America’s favorite pastime has been part of Franklin County’s history for more than a century. The Old Depot Museum’s newest exhibit, Small-Town Ball: Playing America’s Game in Ottawa and Franklin County, explores the local history of baseball as both recreation and profession. The exhibit was on display through July 31, 2016.
During the first half of the Twentieth Century, most of Franklin County’s towns supported community teams, which were a major source of recreation for both the players and the town. Centropolis, Lane, LeLoup, Ottawa, Princeton, Richmond and Wellsville cheered for their own local teams. Other teams traveled to Franklin County to play. The most notable team to visit Franklin County was the Kansas City Monarchs, which played LeLoup during the Modern Woodmen of America picnic in Seylers Grove on August 21, 1929.

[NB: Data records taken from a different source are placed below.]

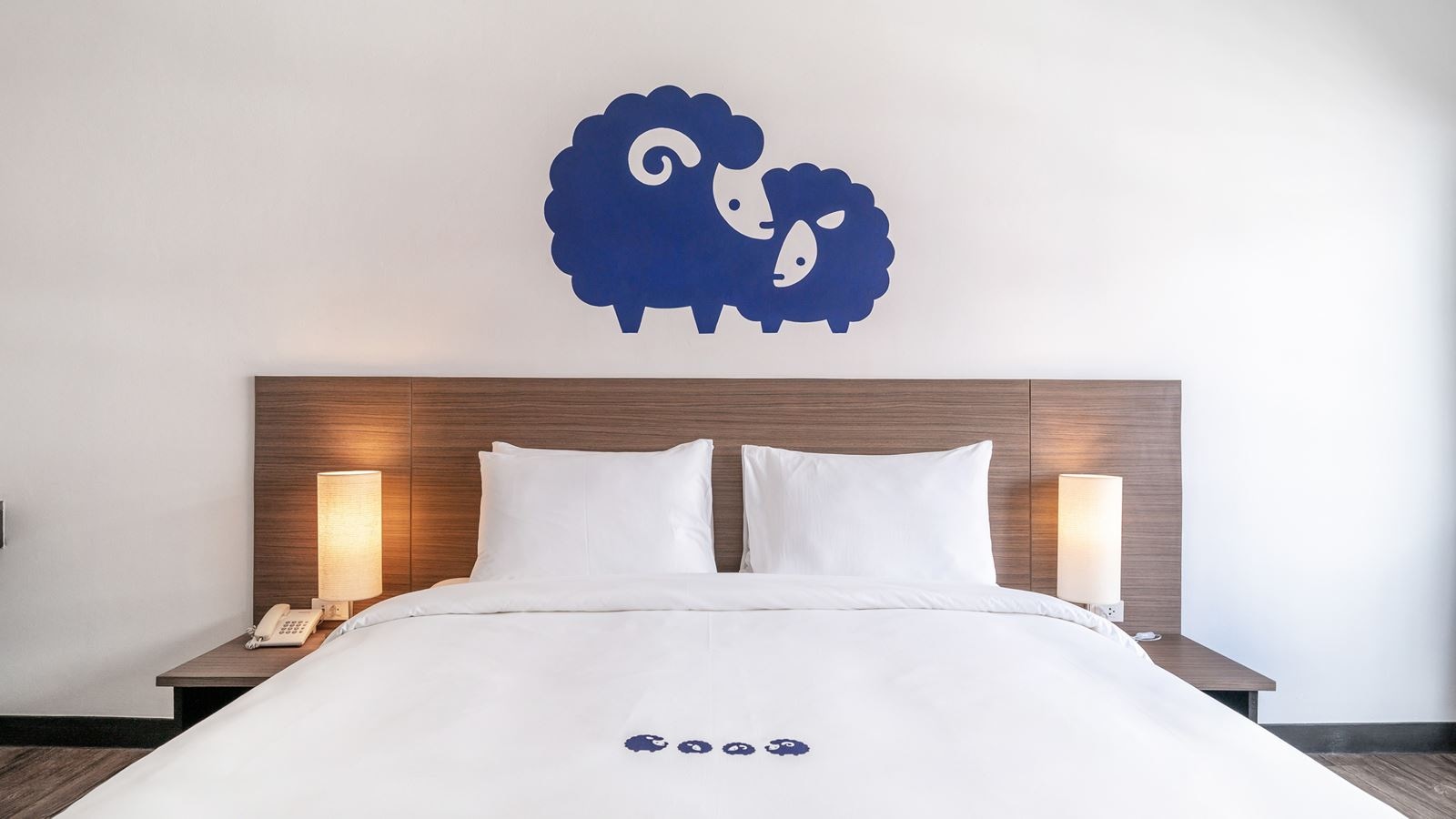 rooms-koko-couple room-for-2-person-one-king-bed-30sqm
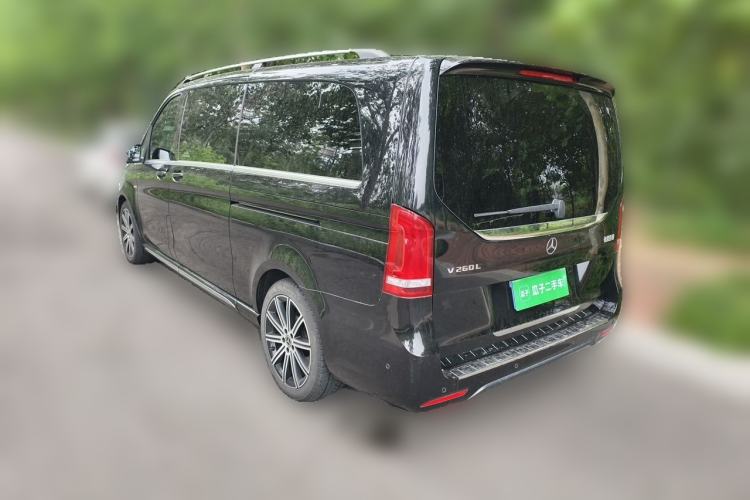 Used Mercedes-Benz V-Class 2021 V 260 L Long-wheelbase Luxury Edition Rear Left 45 Deg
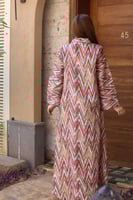 جلابيه بتطريز بالصدر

“The M.W.A. picnic illustrates how baseball was about much more than the game back then,” said Deborah Barker, executive director of the Franklin County Historical Society. “The picnic was a two-day celebration with music, food, prizes, and several baseball games featuring local teams as well as the Monarchs.”
Many local teams were sponsored by companies like Ottawa Car Works, Business Man’s Assurance Co., and KCP&L.
Notably missing from Franklin County’s history are high school teams. During the late 1800s and early 1900s, baseball was considered a “low” sport, encouraging drinking, tobacco chewing, and gambling, and many high schools refused to incorporate baseball into their athletic programs.
However, baseball was one of the earliest sports played at Ottawa University. According to Dave Malone, author of Ottawa University: 150 Years of Significance, it is believed that the Ottawa Indians played a version of baseball called “Two Old Cat” on the grounds now occupied by the Administration Building. By 1876, Ottawa University had its own official team.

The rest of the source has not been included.